I was blown away by the emotional power of this show, about three generations of incomers in Sheffield’s iconic – and infamous – brutalist housing estate, Park Hill. It’s a stunning achievement, which takes the popular but very different elements of retro pop music, agitprop and soap opera, melts them in the crucible of 50 years of social trauma and forges something potent, gorgeous and unlike any big-ticket musical I’ve seen before.
‘Standing at the Sky’s Edge’ has deeply local foundations. It's based on local songwriter Richard Hawley's music. And it was made in Sheffield, at the Crucible Theatre, with meticulous care and attention from that theatre’s creative team. It’s been rightly garlanded with praise and awards already. But its West End transfer makes it clear that this singular show can speak beyond its own backyard. It is part kitchen sink musical, and part state-of-the-nation soap. It documents poverty, migration, hard graft, the painful decline of industry and working-class male pride, the double-edged hope offered by regeneration, the fragile joys of love in ‘found families’ – not exactly ‘jazz hands’ themes, but vividly relatable and, more importantly, shared by communities. They deserve to be sung just as loudly as the more familiar stories of triumphant individuals expressing themselves, which tend to leave all this stuff behind.

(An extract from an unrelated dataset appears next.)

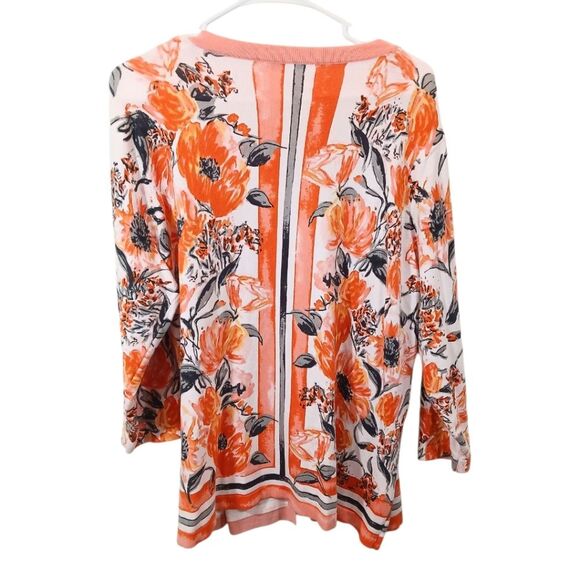 Isaac Mizrahi Floral Button Cardigan XL - Picture 2 of 6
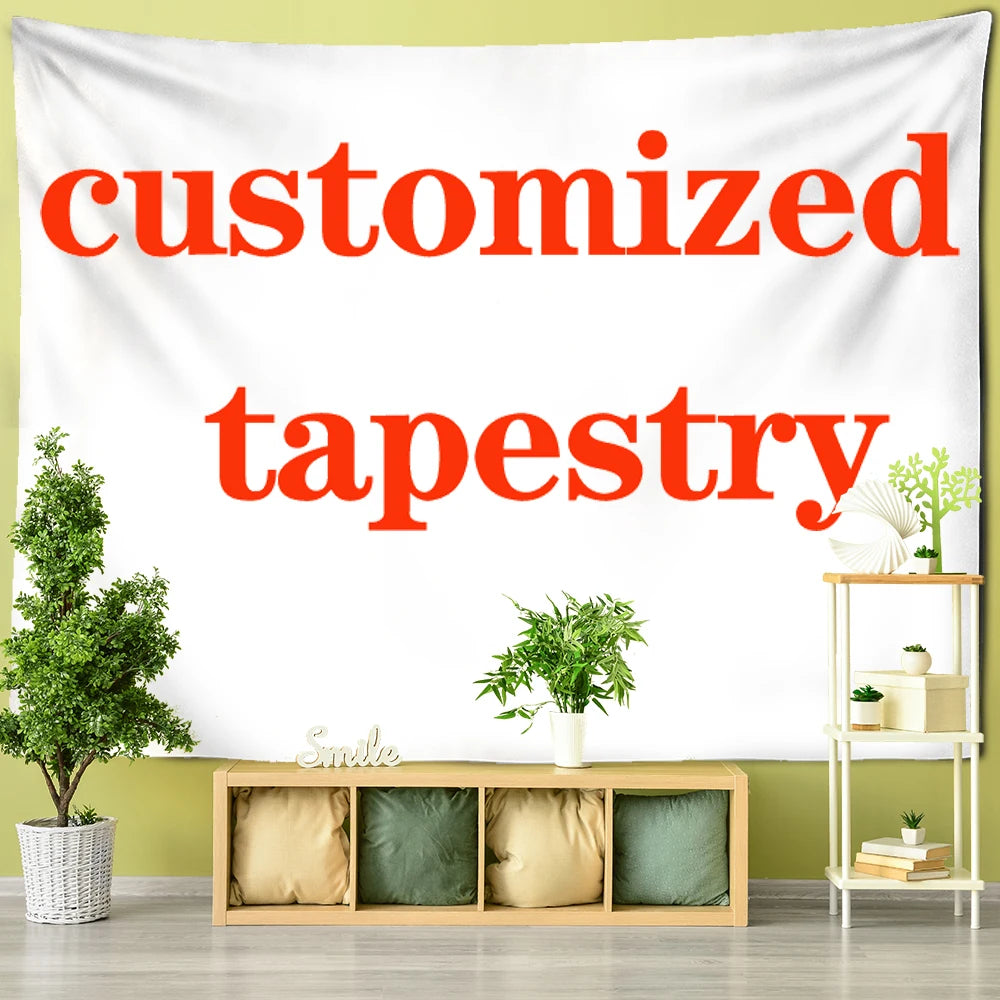 Customized Tapestry Boho Mandala Tapestries Witchcraft Wall Tapestry Print Your Photo Hippie Wall Hanging Blanket Tapestry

What makes this an instant classic is the Crucible's outstanding production, a true ensemble achievement. It is the right way to approach a community-based story. Divided into three timelines, in the ’60s we see optimistic Harry, carrying his bride Rose over the threshold; in the rundown ’80s refugee Joy hiding behind a locked door; in the present, posh incomer Poppy is trying to persuade her hilariously awful parents that she’s bought into a design icon. All of them struggle with the same scary sink unit, and slap their feelings into the same walls and floors.
Director Robert Hastie and choreographer Lynn Page meticulously, brilliantly layer their lives and times into a single shared space. Their social differences and emotional affinities are emotionally sedimented together through deeply affecting snatches of song and dance, rooted in everyday joys and sorrows, and everyday moves, but elevated to a pitch where you're constantly on the edge of tears. The Crucible team has created a total theatrical world, impressively scaffolded by its light and sound designers (Ben Stone, Mark Hendersen and Bobby Aitken) - no mean feat given that they had to recreate a towering 14-storey new brutalist castle famous for its concrete ‘streets in the sky’. It's intimate and epic. The cast of 30-odd flow up and around an austere kitchen-diner framed by upper and lower walkways, the highs and lows of their lives illuminated by brutal spotlights, tender lamplights and neon striplights. In the show’s most glorious moments the whole chorus is bathed in Technicolor sunrises on the balconies, a democratic source of joy that the actual Park Hill designers built in for every resident.
Chris Bush’s book does a good job, bringing some laughs to lighten the heavy industrial themes. There are a couple of bum notes (would striking ’80s workers complain about ‘wanting to be seen’?), and I found the wrap-up rushed and sentimental. But it’s still much stronger than your average jukebox musical, where writers often end up building a mad Frankenstein story out of random scavenged phrases and Fernandos that they find in the lyrics. This show rightly treats local songwriter and sometime Pulp guitarist Richard Hawley’s back catalogue as mood music. Which is not to downplay it at all: it has been souped up massively, adding more urgency and tenderness, so its emotional ripples hit ten on the Richter scale, repeatedly.
Music is the beating heart here. Instead of being hidden in a pit, the band – heavy on strings and snarling electric guitar – is nestled into the central wall of the set. Hawley’s gentle, retro solo ballads for the working man get supercharged with astonishing female performances and poignant arrangements for many voices. It’s not often that an orchestrator gets a shoutout but Tom Deering and the show’s musical director Alex Beeching deserve it: they have picked up concrete slabs and made them fly. The texture is both intimate and electric. Female leads Rachael Wooding, Laura Pitt-Pulford and Elizabeth Ayodele and especially Lauryn Redding will break your heart with lungs of steel.
It doesn’t matter whether you’ve heard of Hawley or are a fan already. What most people enjoy about music is the way it makes them feel. And ‘Standing at the Sky’s Edge’ has all the feels – joy, lust, fear, sadness, despair, are crafted into an emotional edifice which stands nearly as tall as the place that inspired it.